Neural Machine Translation: The Attention Model

<<imports>>

<<attention-model>>

Defining the Model

In the previous post we made some helper functions to prepare inputs for some of the layers in the model. In this post we'll define the model itself.

Attention Overview

The model we will be building uses an encoder-decoder architecture. This Recurrent Neural Network (RNN) will take in a tokenized version of a sentence in its encoder, then passes it on to the decoder for translation. Just using a a regular sequence-to-sequence model with LSTMs will work effectively for short to medium sentences but will start to degrade for longer ones. You can picture it like the figure below where all of the context of the input sentence is compressed into one vector that is passed into the decoder block. You can see how this will be an issue for very long sentences (e.g. 100 tokens or more) because the context of the first parts of the input will have very little effect on the final vector passed to the decoder.

Adding an attention layer to this model avoids this problem by giving the decoder access to all parts of the input sentence. To illustrate, let's just use a 4-word input sentence as shown below. Remember that a hidden state is produced at each timestep of the encoder (represented by the orange rectangles). These are all passed to the attention layer and each are given a score given the current activation (i.e. hidden state) of the decoder. For instance, let's consider the figure below where the first prediction "Wie" is already made. To produce the next prediction, the attention layer will first receive all the encoder hidden states (i.e. orange rectangles) as well as the decoder hidden state when producing the word "Wie" (i.e. first green rectangle). Given this information, it will score each of the encoder hidden states to know which one the decoder should focus on to produce the next word. The result of the model training might have learned that it should align to the second encoder hidden state and subsequently assigns a high probability to the word "geht". If we are using greedy decoding, we will output the said word as the next symbol, then restart the process to produce the next word until we reach an end-of-sentence prediction.

There are different ways to implement attention and the one we'll use is the Scaled Dot Product Attention which has the form:

\[ Attention(Q, K, V) = softmax \left(\frac{QK^T}{\sqrt{d_k}} \right)V \]
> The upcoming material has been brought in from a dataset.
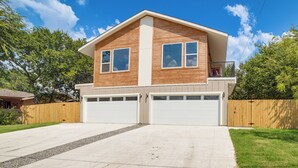 A two-story house with a garage, a wooden exterior, and a well-maintained lawn.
You can think of it as computing scores using queries (Q) and keys (K), followed by a multiplication of values (V) to get a context vector at a particular timestep of the decoder. This context vector is fed to the decoder RNN to get a set of probabilities for the next predicted word. The division by square root of the keys dimensionality (\(\sqrt{d_k}\)) is for improving model performance and you'll also learn more about it next week. For our machine translation application, the encoder activations (i.e. encoder hidden states) will be the keys and values, while the decoder activations (i.e. decoder hidden states) will be the queries.

You will see in the upcoming sections that this complex architecture and mechanism can be implemented with just a few lines of code.

Imports

# pypi
from trax import layers

import trax

# this project
from neurotic.nlp.machine_translation import (
    NMTAttn)

Implementation

Overview

We are now ready to implement our sequence-to-sequence model with attention. This will be a Serial network and is illustrated in the diagram below. It shows the layers you'll be using in Trax and you'll see that each step can be implemented quite easily with one line commands. We've placed several links to the documentation for each relevant layer in the discussion after the figure below.

  • Step 0: Prepare the input encoder and pre-attention decoder branches. We've already defined this earlier as helper functions so it's just a matter of calling those functions and assigning it to variables.
  • Step 1: Create a Serial network. This will stack the layers in the next steps one after the other. As before, we'll use tl.Serial.
  • Step 2: Make a copy of the input and target tokens. As you see in the diagram above, the input and target tokens will be fed into different layers of the model. We'll use tl.Select layer to create copies of these tokens, arranging them as [input tokens, target tokens, input tokens, target tokens].
  • Step 3: Create a parallel branch to feed the input tokens to the input_encoder and the target tokens to the pre_attention_decoder. We'll use tl.Parallel to create these sublayers in parallel, remembering to pass the variables defined in Step 0 as parameters to this layer.
  • Step 4: Next, call the `prepare_attention_input` function to convert the encoder and pre-attention decoder activations to a format that the attention layer will accept. You can use tl.Fn to call this function. Note: Pass the prepare_attention_input function as the f parameter in tl.Fn without any arguments or parenthesis.
  • Step 5: We will now feed the (queries, keys, values, and mask) to the tl.AttentionQKV layer. This computes the scaled dot product attention and outputs the attention weights and mask. Take note that although it is a one liner, this layer is actually composed of a deep network made up of several branches. We'll show the implementation show here (on github) to see the different layers used.
def AttentionQKV(d_feature, n_heads=1, dropout=0.0, mode='train'):
  """Returns a layer that maps (q, k, v, mask) to (activations, mask).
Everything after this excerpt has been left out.